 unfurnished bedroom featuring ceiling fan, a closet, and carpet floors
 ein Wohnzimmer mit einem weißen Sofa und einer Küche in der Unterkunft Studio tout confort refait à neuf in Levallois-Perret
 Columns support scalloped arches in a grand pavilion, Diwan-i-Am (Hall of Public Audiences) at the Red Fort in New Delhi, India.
--
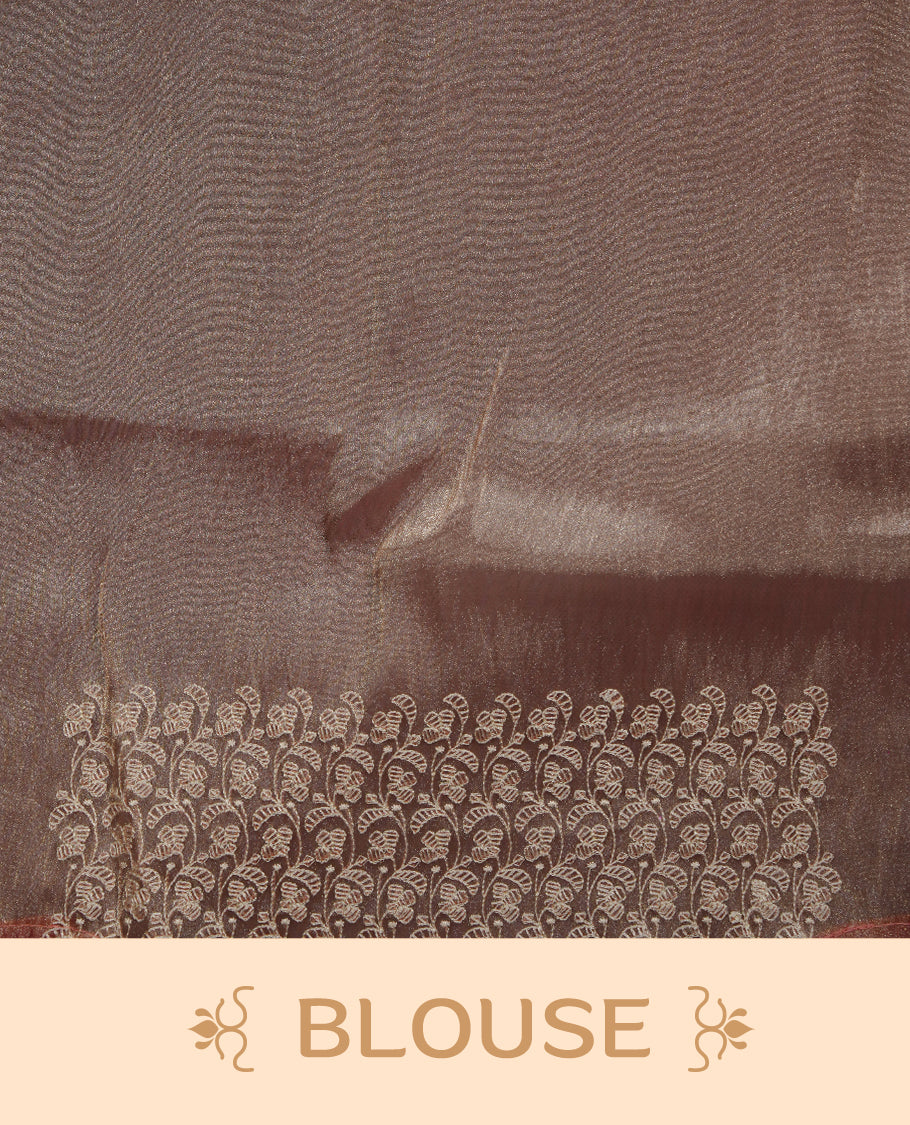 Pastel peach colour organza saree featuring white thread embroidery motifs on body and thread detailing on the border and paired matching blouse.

ASSIGNED TASK: Looking at the data above, return every line from the one with "unfurnished bedroom featuring" down to the one with "Columns support scalloped", exactly and inclusively.

SOLUTION:
 unfurnished bedroom featuring ceiling fan, a closet, and carpet floors
 ein Wohnzimmer mit einem weißen Sofa und einer Küche in der Unterkunft Studio tout confort refait à neuf in Levallois-Perret
 Columns support scalloped arches in a grand pavilion, Diwan-i-Am (Hall of Public Audiences) at the Red Fort in New Delhi, India.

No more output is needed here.